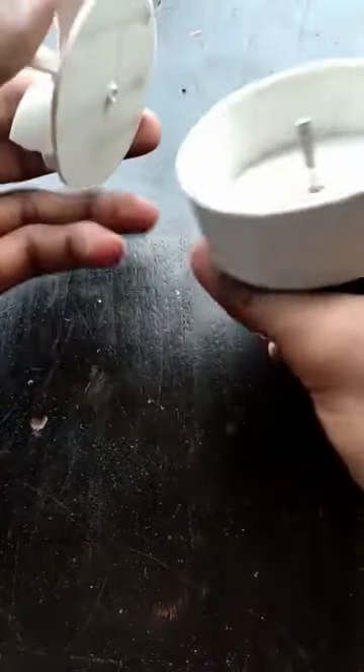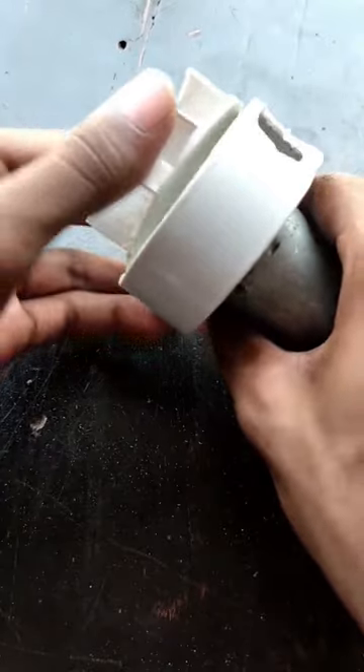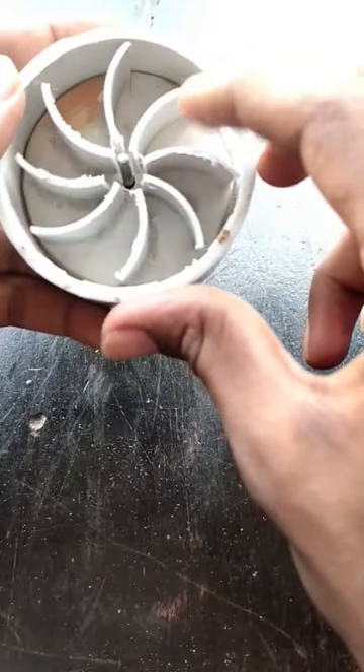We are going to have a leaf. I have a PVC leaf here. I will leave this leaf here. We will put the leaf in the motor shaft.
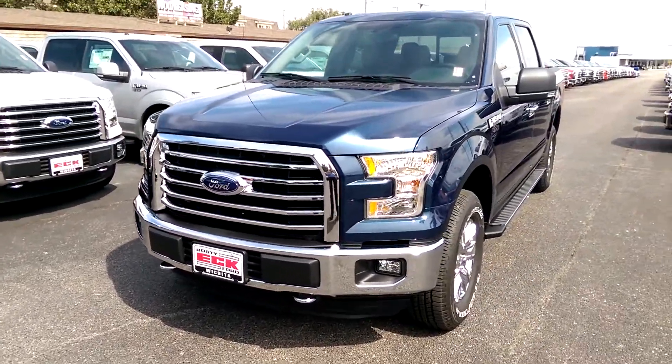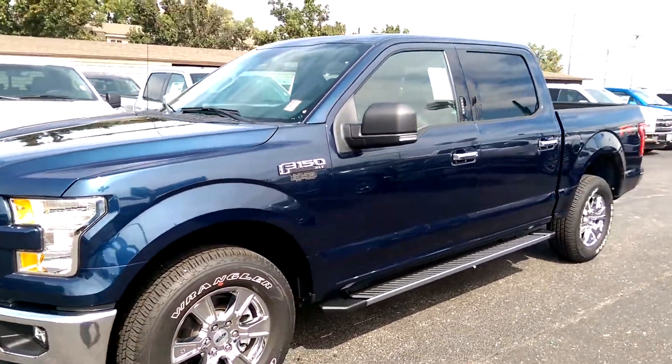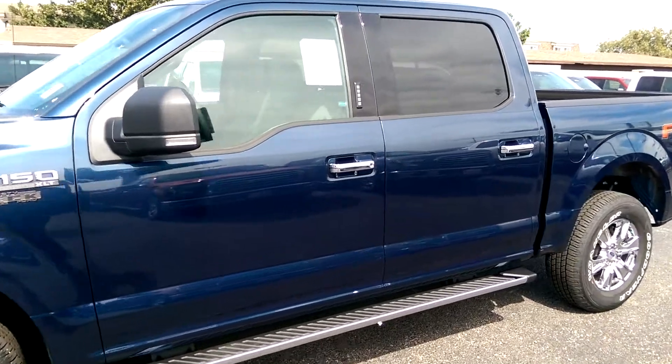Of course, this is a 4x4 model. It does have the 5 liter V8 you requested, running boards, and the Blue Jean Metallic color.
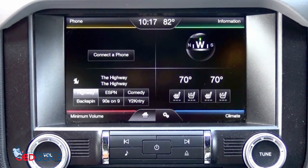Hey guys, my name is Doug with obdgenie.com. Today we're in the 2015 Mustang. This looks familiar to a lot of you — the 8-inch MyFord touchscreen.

PROBLEM
A faithful, picture-free copy of the material is what this task asks for.

YOUR SOLUTION
We are going to have a leaf. I have a PVC leaf here. I will leave this leaf here. We will put the leaf in the motor shaft.
Of course, this is a 4x4 model. It does have the 5 liter V8 you requested, running boards, and the Blue Jean Metallic color.
Hey guys, my name is Doug with obdgenie.com. Today we're in the 2015 Mustang. This looks familiar to a lot of you — the 8-inch MyFord touchscreen.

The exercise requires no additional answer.